ACTION ITEM> Please copy the lines below, exactly as they are, from the one with "51137354813 BMW Основа" through the one with "Hotel Maritsa", and leave out the pictures.

EXERCISE INPUTS>
=== Begin Enclosure ===
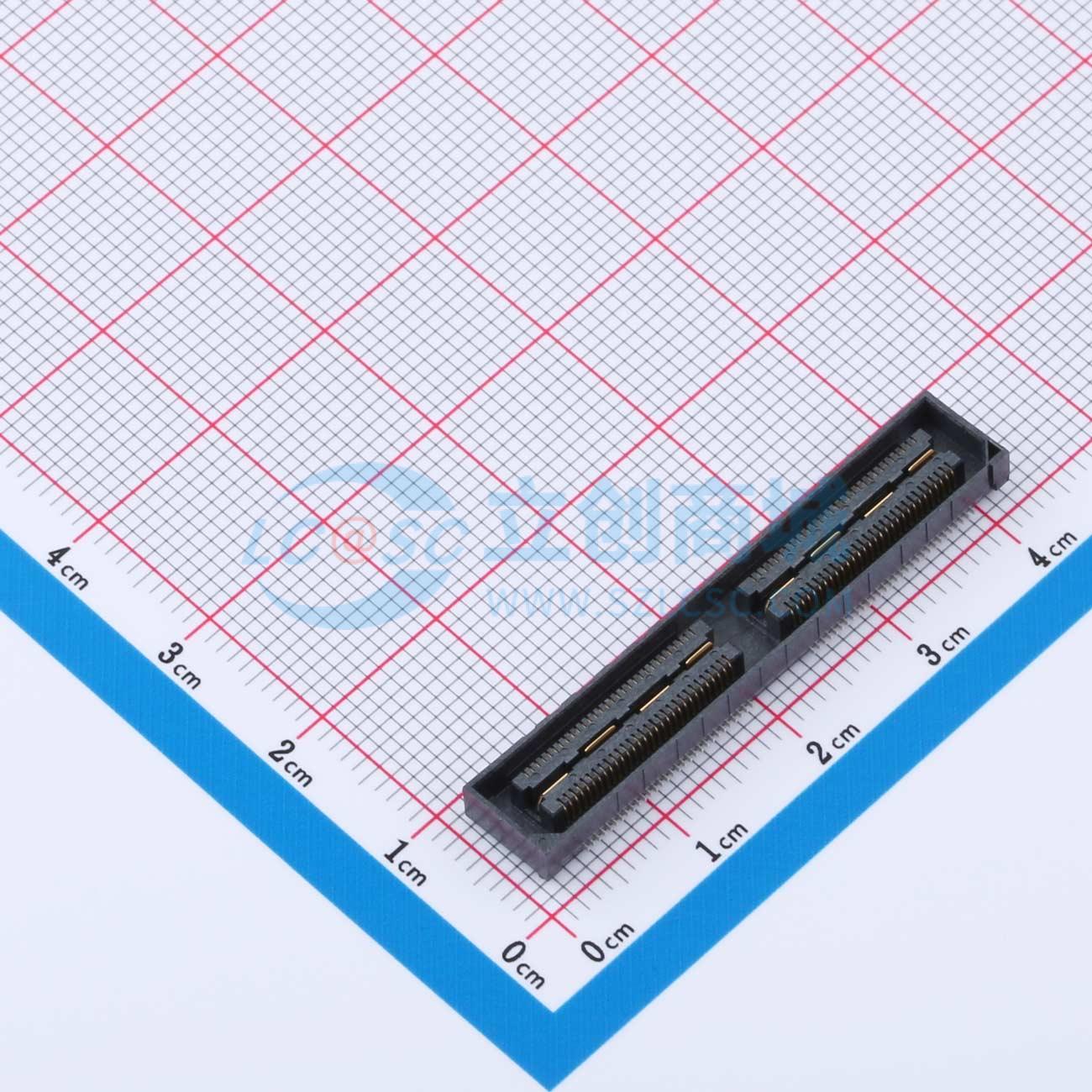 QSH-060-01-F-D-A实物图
=== End Enclosure ===
=== Begin Enclosure ===
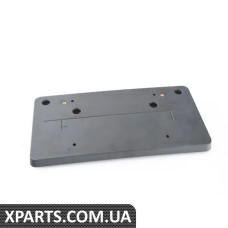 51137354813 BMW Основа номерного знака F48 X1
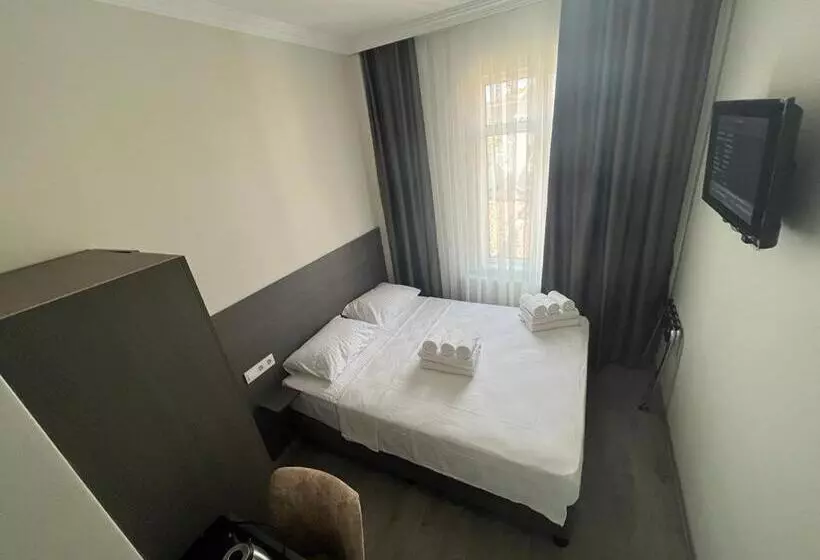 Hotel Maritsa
=== End Enclosure ===
EXERCISE ANSWER>
 51137354813 BMW Основа номерного знака F48 X1
 Hotel Maritsa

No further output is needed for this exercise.